→ **Instructions for the task**:
Look in the listing below for the line that has "Obraz premium Komodo", then return it and each following line up to and including the one with "Set van 8 - Teresa", exactly and without pictures.

→ **Records for the exercise**:
____________________

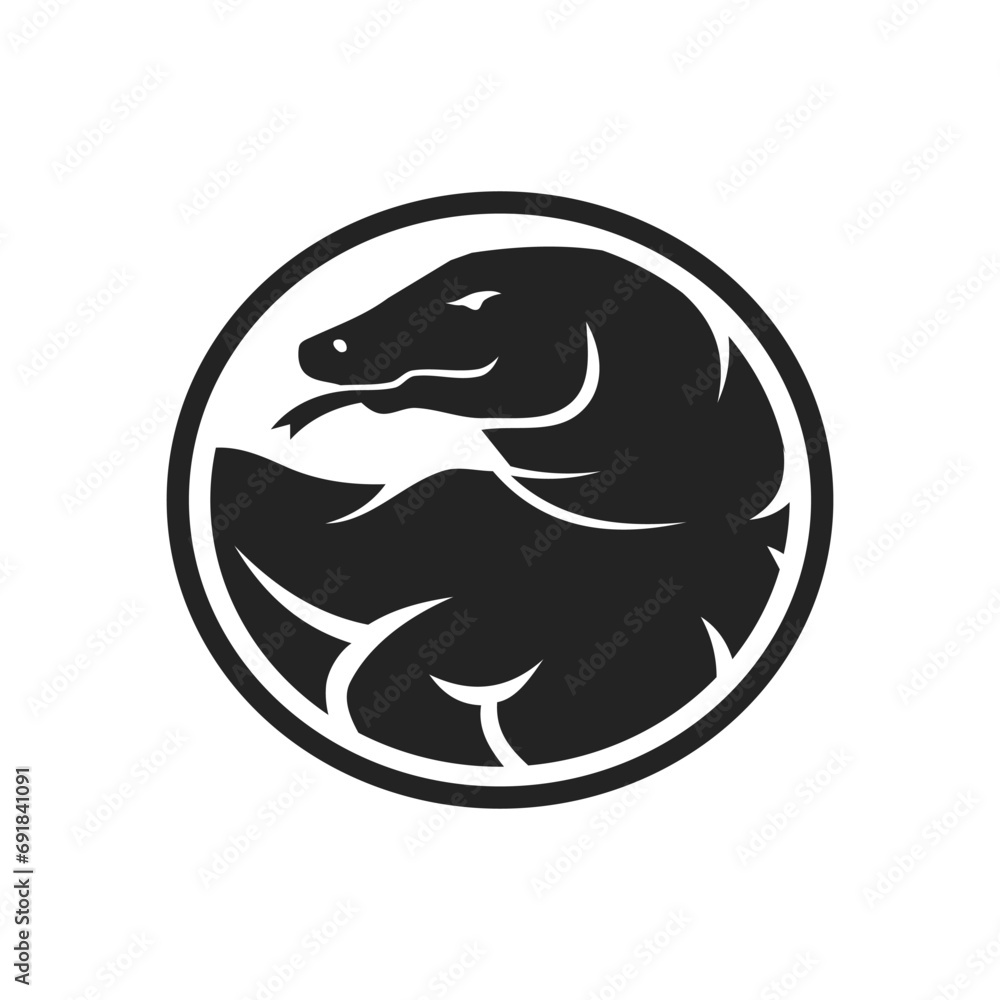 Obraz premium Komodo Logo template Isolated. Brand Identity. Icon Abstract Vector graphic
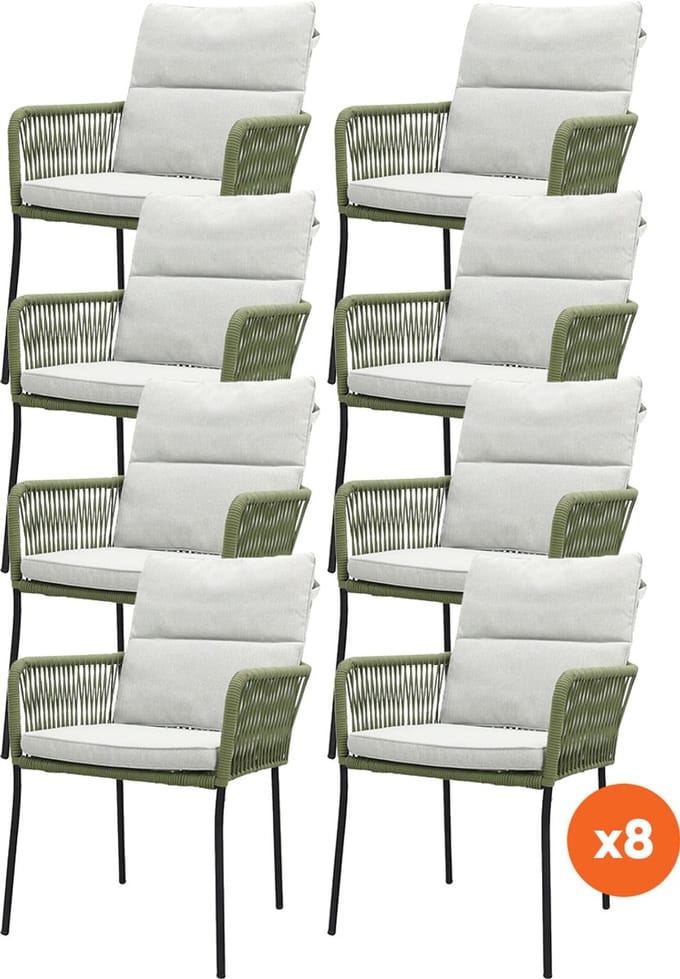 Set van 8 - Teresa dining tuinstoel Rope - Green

____________________

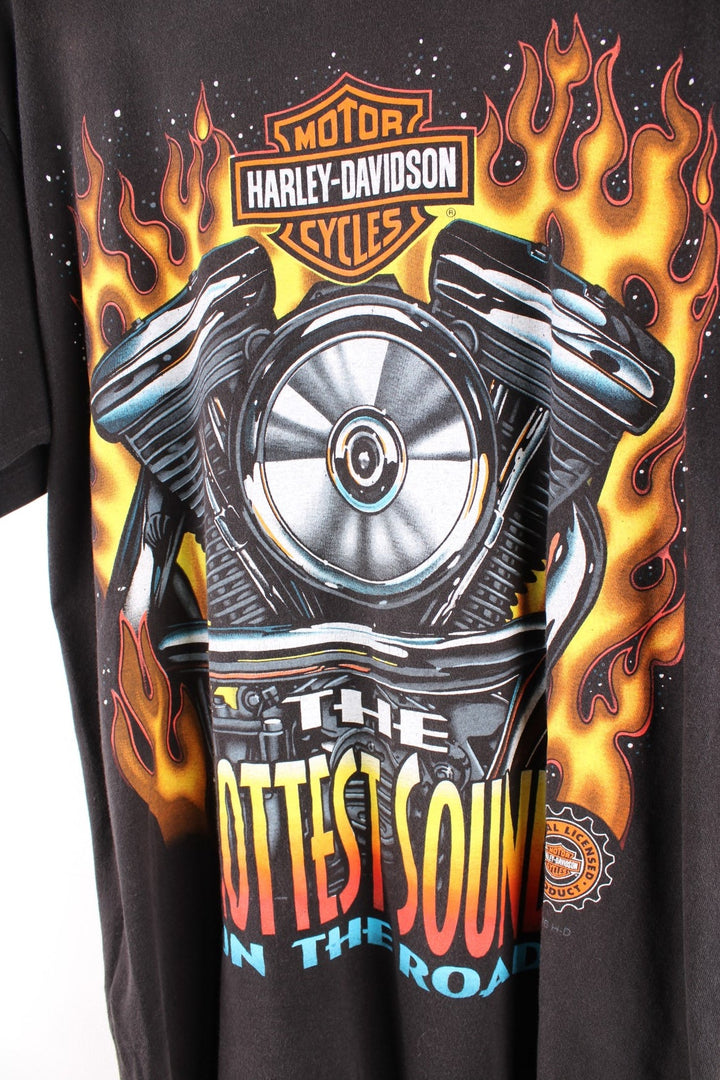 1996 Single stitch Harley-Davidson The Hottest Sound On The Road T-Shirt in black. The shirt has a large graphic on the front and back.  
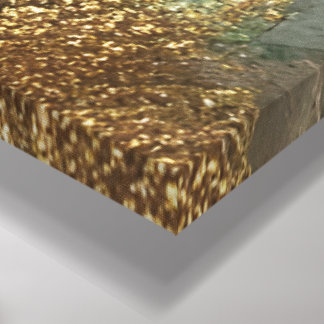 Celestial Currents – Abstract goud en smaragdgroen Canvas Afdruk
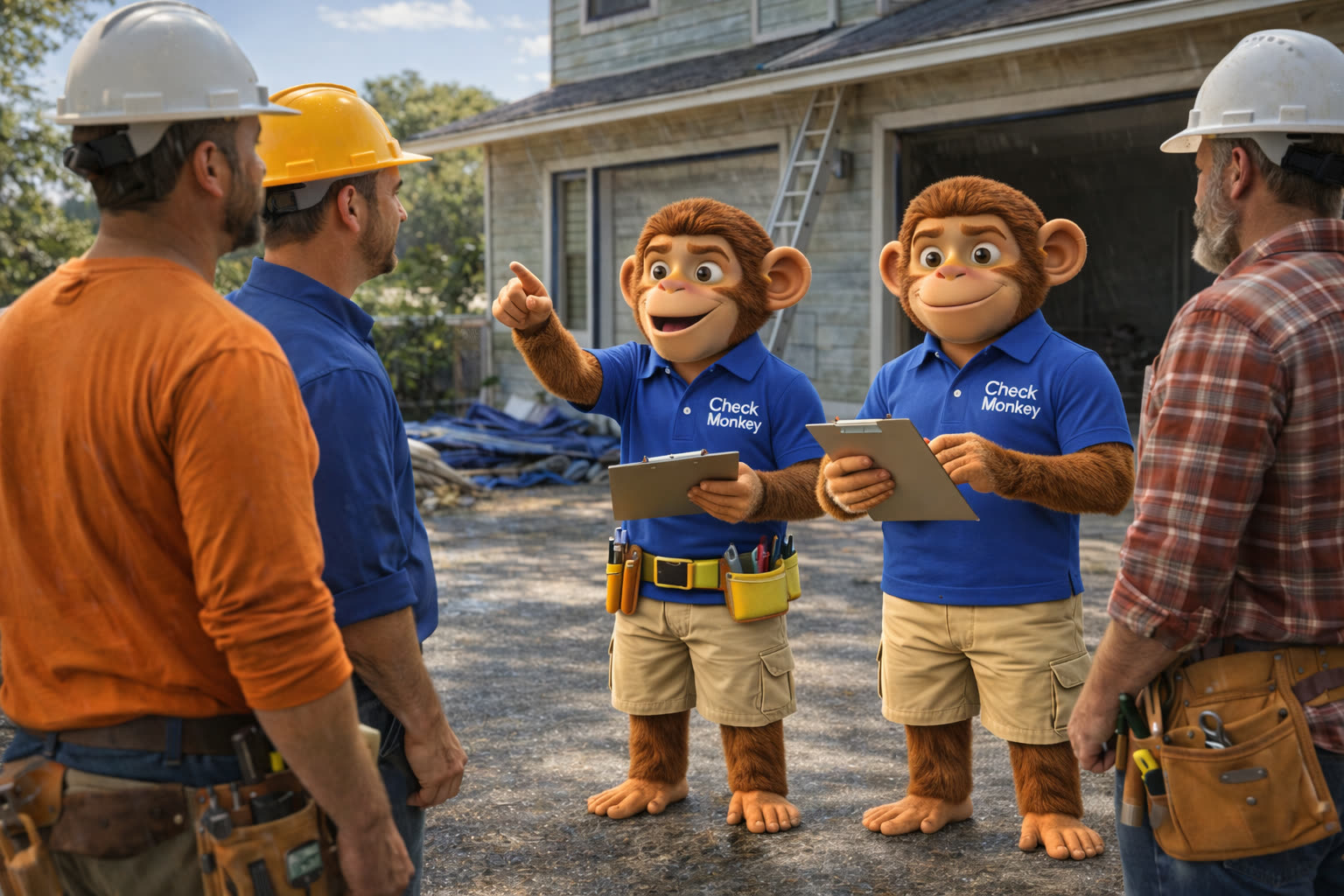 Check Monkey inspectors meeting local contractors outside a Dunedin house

____________________

→ **The completed task**:
 Obraz premium Komodo Logo template Isolated. Brand Identity. Icon Abstract Vector graphic
 Set van 8 - Teresa dining tuinstoel Rope - Green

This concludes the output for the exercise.